● **Task directions**
Every line from the first record below down to the line that includes "FyberOptix 1m (3ft)" must be reproduced exactly; the pictures are not.
+++ Source material
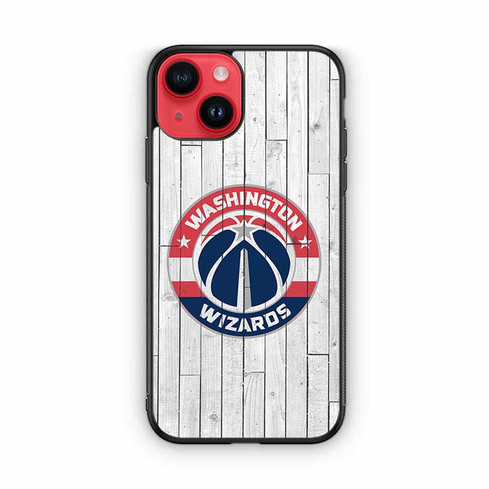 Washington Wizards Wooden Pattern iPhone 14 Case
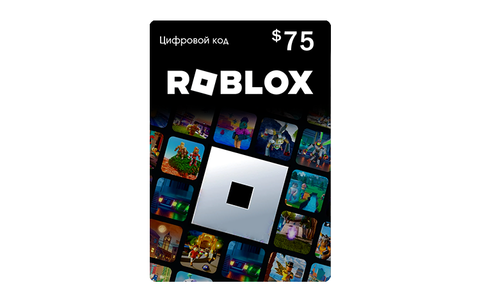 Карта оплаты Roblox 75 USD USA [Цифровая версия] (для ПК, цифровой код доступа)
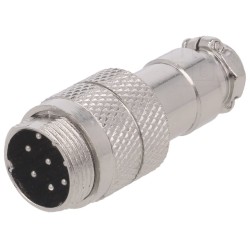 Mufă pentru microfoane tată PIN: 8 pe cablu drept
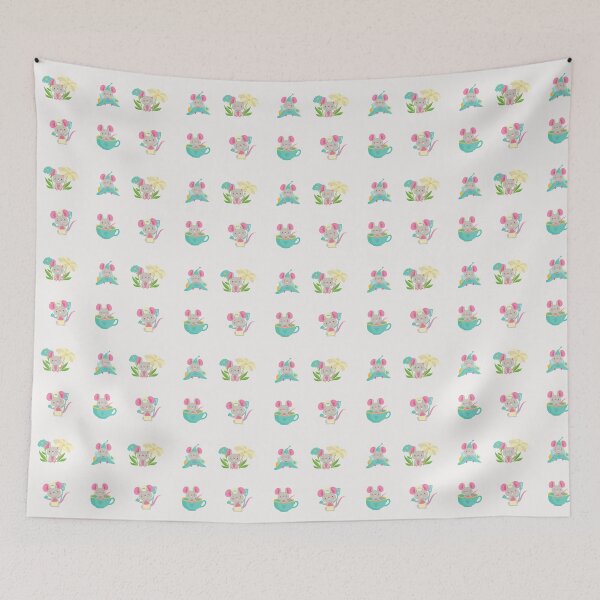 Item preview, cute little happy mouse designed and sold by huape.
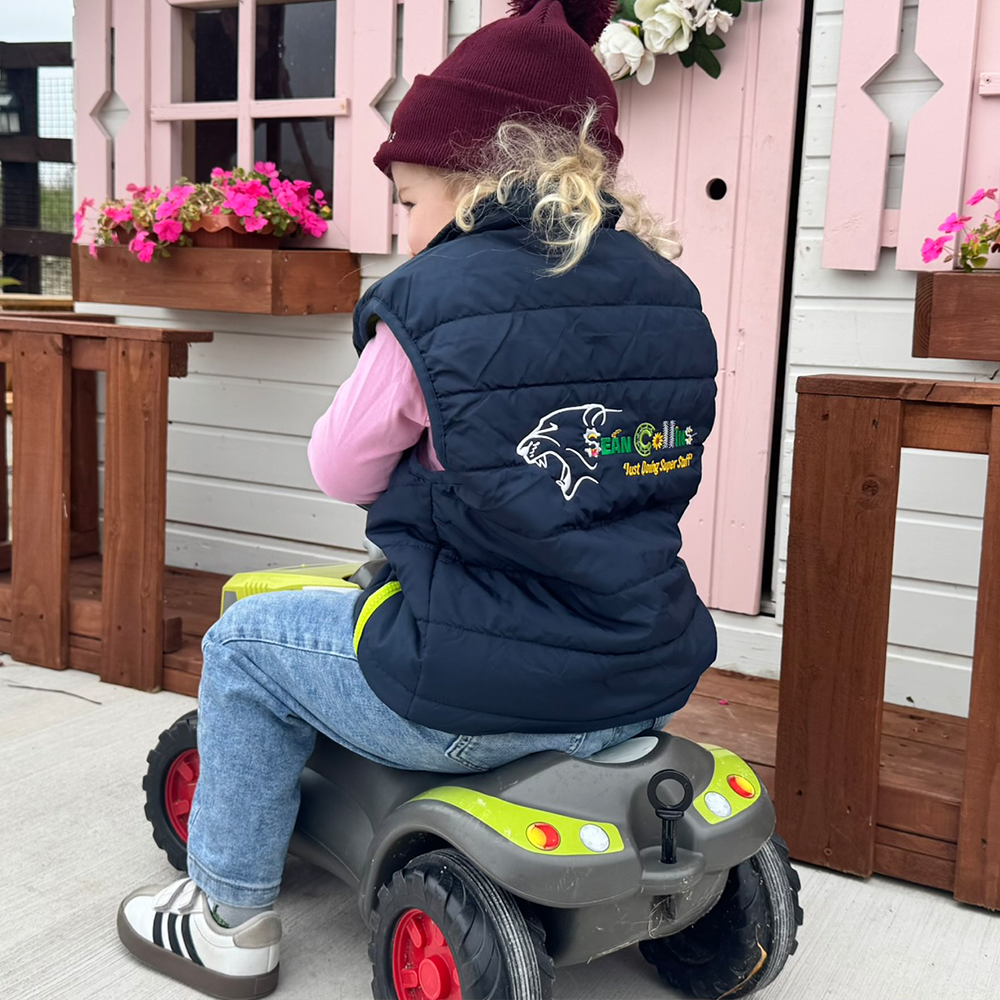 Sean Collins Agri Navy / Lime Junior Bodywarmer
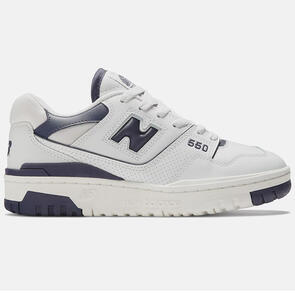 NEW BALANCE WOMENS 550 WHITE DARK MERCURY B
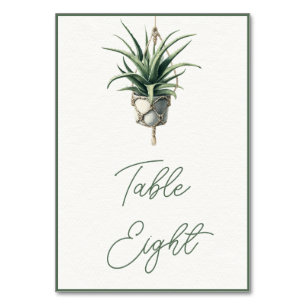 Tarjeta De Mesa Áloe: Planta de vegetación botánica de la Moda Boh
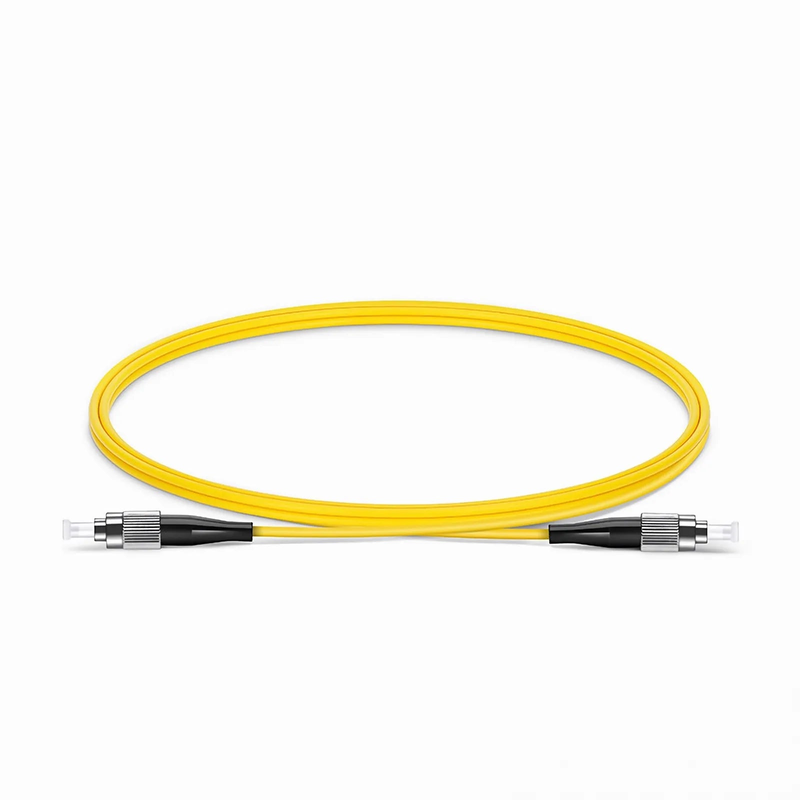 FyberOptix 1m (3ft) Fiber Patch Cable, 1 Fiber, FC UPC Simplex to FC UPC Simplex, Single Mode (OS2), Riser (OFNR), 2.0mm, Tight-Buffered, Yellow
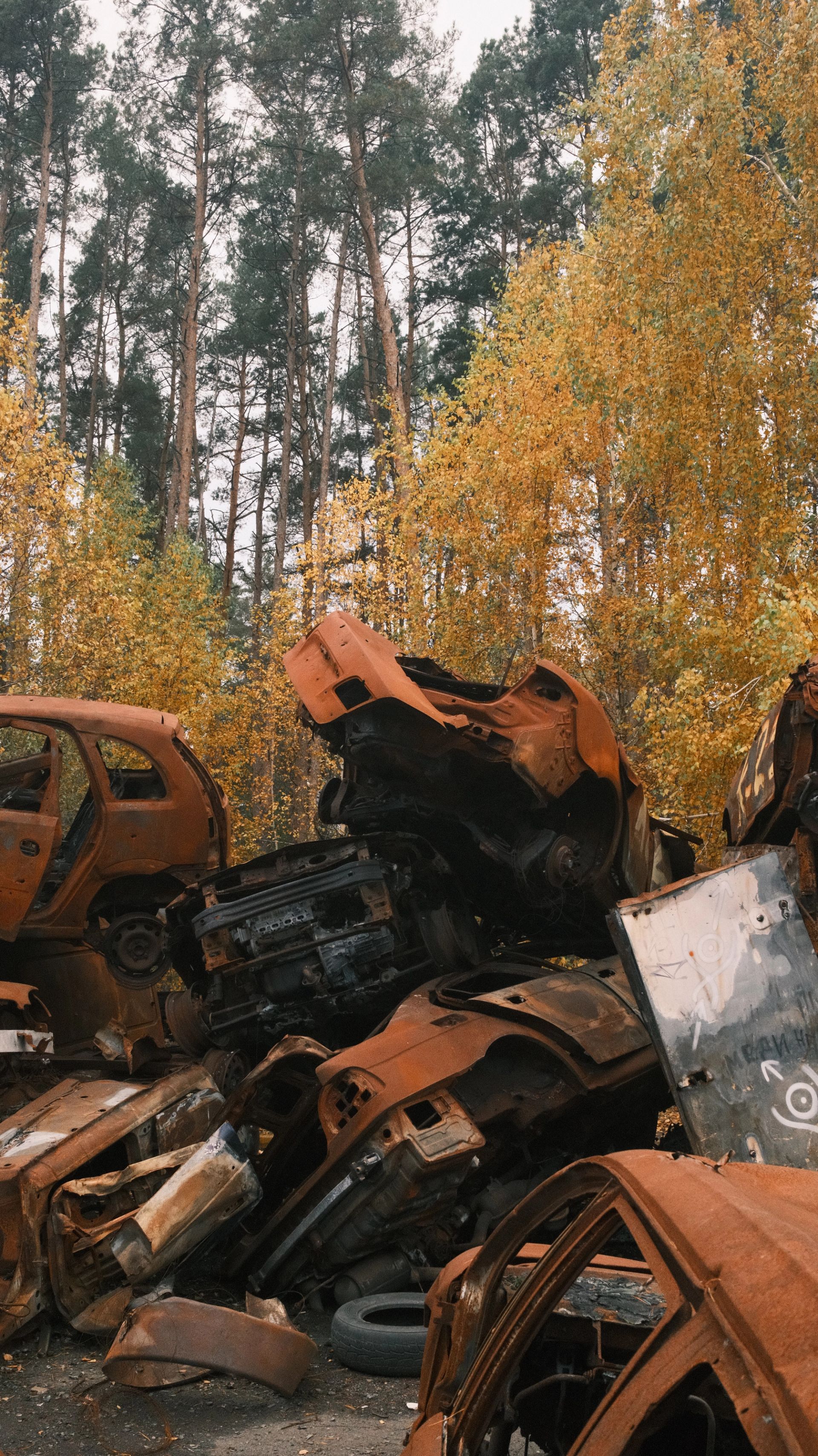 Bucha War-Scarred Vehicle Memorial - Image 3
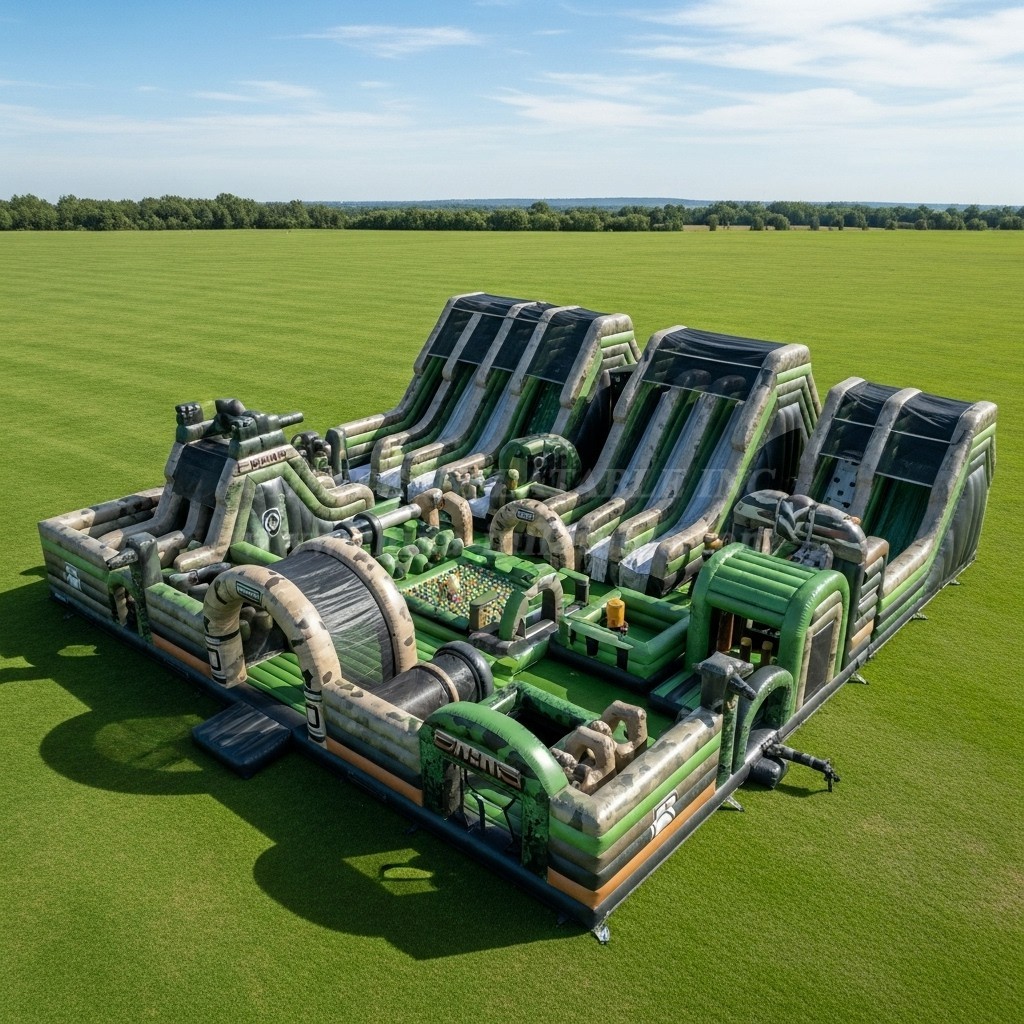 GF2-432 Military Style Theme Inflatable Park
++++++
● **Response box**
 Washington Wizards Wooden Pattern iPhone 14 Case
 Карта оплаты Roblox 75 USD USA [Цифровая версия] (для ПК, цифровой код доступа)
 Mufă pentru microfoane tată PIN: 8 pe cablu drept
 Item preview, cute little happy mouse designed and sold by huape.
 Sean Collins Agri Navy / Lime Junior Bodywarmer
 NEW BALANCE WOMENS 550 WHITE DARK MERCURY B
 Tarjeta De Mesa Áloe: Planta de vegetación botánica de la Moda Boh
 FyberOptix 1m (3ft) Fiber Patch Cable, 1 Fiber, FC UPC Simplex to FC UPC Simplex, Single Mode (OS2), Riser (OFNR), 2.0mm, Tight-Buffered, Yellow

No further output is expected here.